A Orocué llego pedaleando despacio. El paupérrimo estado de mi persona y de mi bicicleta me tiene sin cuidado. La lluvia hace ríos de agua clara en las calles y me detengo en una tienda de esquina donde me ofrecen tinto y escuchan mi informe del estado de la trocha mientras la humedad escurre a chorros por mis piernas. Hago amigos rápidamente, un chatarrero que todo lo sabe, un entrenador de gallos de pelea, una chica muy joven que despacha cargamentos de ladrillo y gravilla hacia el Vichada y tiene el respeto de capitanes, coteros y marineros. Descubro que el pequeño pueblo casanareño donde todo me gusta ha sido el hogar de un joven José Eustasio Rivera. Los locales me cuentan que La Vorágine, su obra cumbre y su única novela, comienza a gestarse junto al Meta, bajo esos árboles de grandes raíces que hoy sobreviven en el malecón.

Pasan varios días y noches y yo estoy a gusto en el abrazo de la brisa del río legendario y el calor mojado que inocula de vida tantísimas criaturas. En una mesa junto al muelle de pasajeros donde atracan las voladoras con destino a Carreño o a Puerto Gaitán, escucho hablar a un joven capitán al que apodan Comino. El que a su vez es hijo de otro capitán se toma una cerveza despacio mientras las bodegas de su barco son cargadas de ladrillo y materiales de construcción que alguien espera allá en Puerto Carreño, su ciudad natal. Hablamos. Su barco lleva por nombre La Santa Marta y un par de días después lo veré navegar con apenas una pantaloneta y sin ningún instrumento las aguas de un río que debe ser leído con doble precaución. Ni pando ni demasiado profundo, muchos de los troncos y obstáculos terribles que hasta hace poco estaban a la vista hoy se agazapan a la espera del menor descuido.

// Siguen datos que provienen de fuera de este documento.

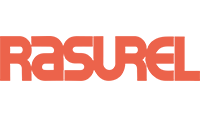 Rasurel | logo | La Folie Douce Chamonix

De Orocué zarpamos en la oscuridad. El sol despunta sobre esas aguas hechas de aguas conmigo dando pasos inseguros sobre la cubierta. Mi bicicleta se ha hecho un espacio entre la gravilla y un lote de árboles jóvenes que serán plantados en la gobernación de Carreño. Carreño, la ciudad de la que tanto he escuchado, será otra cosa en mis ojos cuando después de cinco días nos acerquemos al Orinoco y con hondos golpes de metales y cascos nos metamos al puerto y a su fervor de voces y vidas.